Although it’s still only a work in progress, the reauthorization of the Transportation Equity Act for the 21st Century (TEA 21) finally put both of its feet on the ground in early April as the House approved its version of this critical surface transportation legislation.
At press time, the extension of TEA 21, which concluded its six-year run on Sept. 30, 2003, was due to expire on April 30, 2004. By the time you read this, lawmakers will have had to pass another short-term extension, approve the reauthorization in abrupt fashion or temporarily shut down key federal transportation agencies. I hope that the short-term extension was their choice.
Even though the House’s reauthorization legislation the Transportation Equity Act: A Legacy for Users (TEA LU) would provide only $275 billion over six years, compared to the Senate’s $318 billion plan (Safe, Accountable, Flexible and Efficient Transportation Equity Act, SAFETEA), the good news is that it had overwhelming support.
Resounding support seen
In approving the measure by a 357-65 margin, the House has enough backing to override a threatened veto by President Bush. The White House has made it clear that it wants spending over the six-year span to be held down to $256 billion. In addition, it has warned against a House provision that would allow the measure to be reopened next year to have its funding expanded by lawmakers.
By the time this issue reaches you, the House and Senate will most likely be conferring on the two legislative proposals, trying to cobble together a mutually acceptable package. The seminal issue, of course, will be the funding level.
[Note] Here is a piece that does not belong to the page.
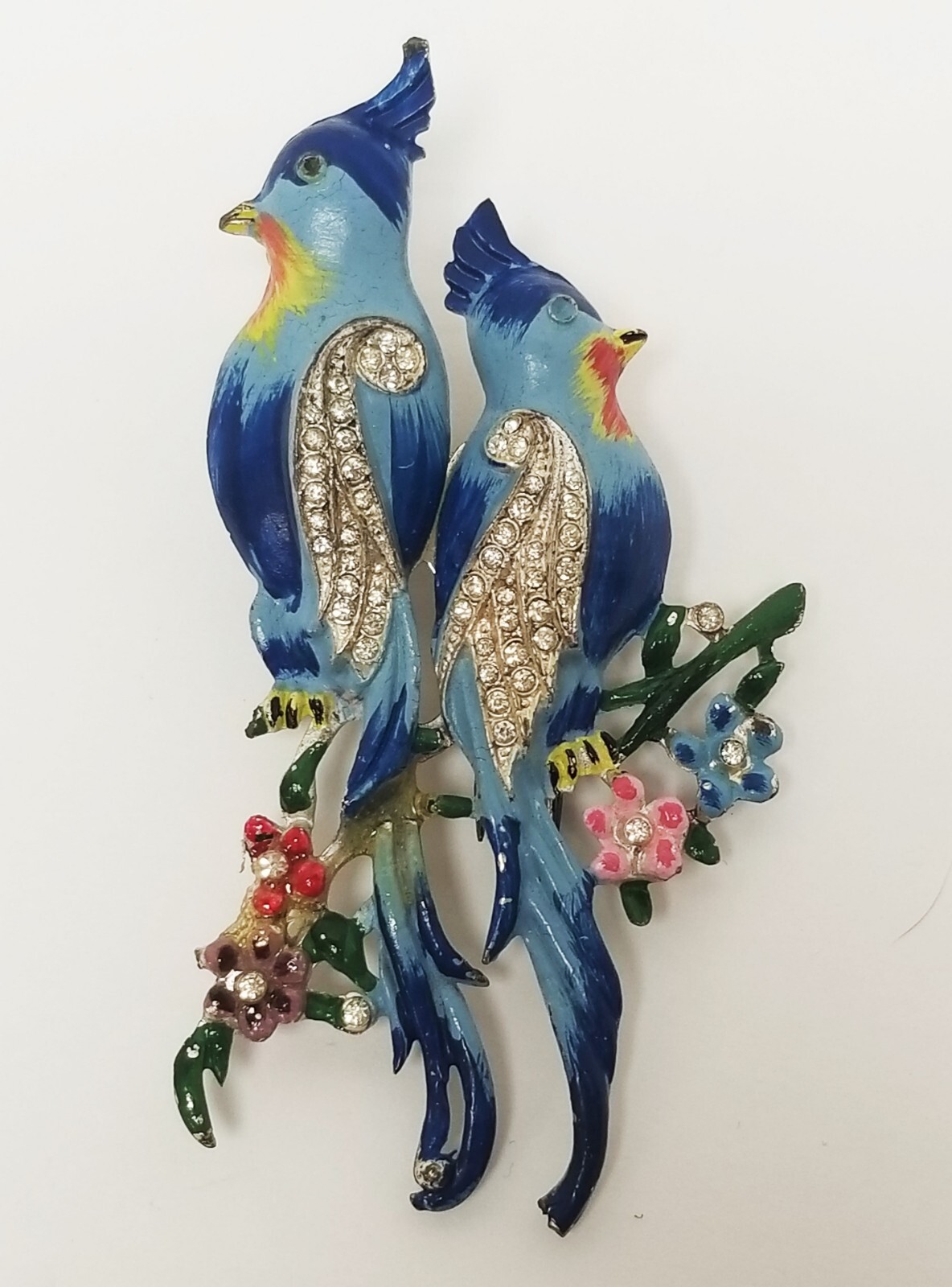 Vintage CORO DUETTE Paradiesvogel Emaille Strass Kleidclips Brosche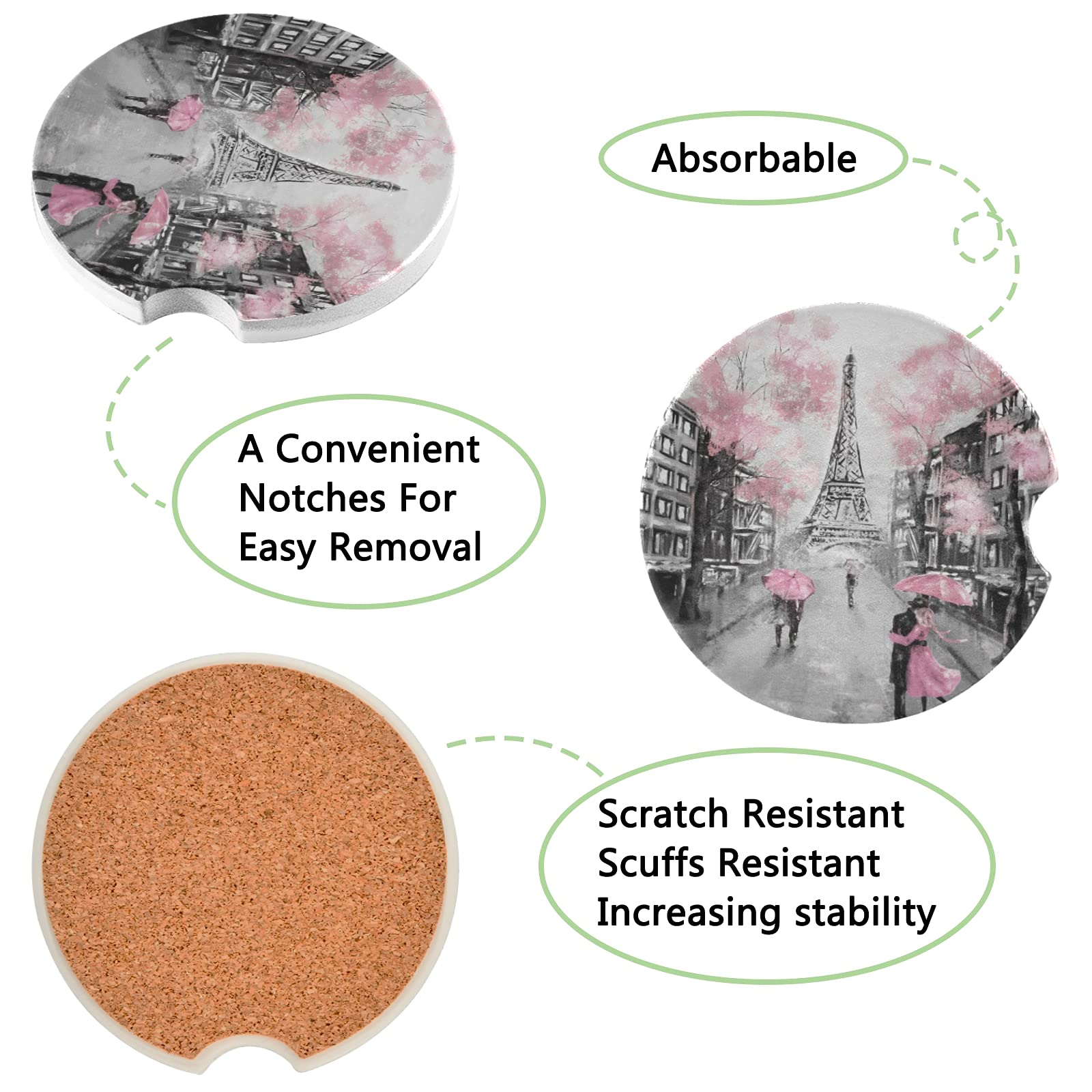 2 Pack Eiffel Tower Paris France Car Coasters - Absorbent Ceramic Cup Holder Coasters for Drinks, Car Accessories for Men & Women (2.56in) - Perfect for Road Trips & Daily Commutes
In this critically important election year, the Bush administration has made it clear that it opposes spending above $256 billion. But this hard target, prompted by a federal deficit that’s projected to grow, can be elusive in its formulation and effect. The additional spending levels requested by both chambers will provide badly needed economic stimulus. As you well know, highway and transit spending creates new jobs, and also bears the fruit of much-needed transportation improvements.
The Senate’s $318 billion plan translates into $56.5 billion for transit, while the House bill guarantees $51.5 billion. The Bush administration’s proposal sets transit spending at $45.8 billion. The American Public Transportation Association has recommended an increase in transit spending to $65.7 billion.
Buy America tune-up offered
Each proposal has its individual strengths and weaknesses. For example, the House version maintains the 80% federal share for New Starts programs. It also strengthens Buy America regulations, applying the 60/40 rolling stock and subcomponent requirements to manufactured products and removing the waiver for microcomputer equipment.
This proposed bolstering of Buy America really merits congressional support. A tune-up of the act has been long overdue and is badly needed to protect the interests of domestic suppliers. It also helps to ensure that tax dollars are recycled into the U.S. economy.
Meanwhile, the Senate version offers about $5 billion more for transit funding than the House proposal. But it also contains language that puts private bus operators in a vulnerable position by opening the door for transit agencies to provide charter service to schools and other governmental agencies. The language of this provision needs to be carefully parsed to ensure that unfair competition from public agencies is not the end result.
Let’s hope that uncommon wisdom and patience prevail as the House and Senate wrangle over the final reauthorization measure. A spending bill that will build upon the successes of TEA 21 is worth waiting for.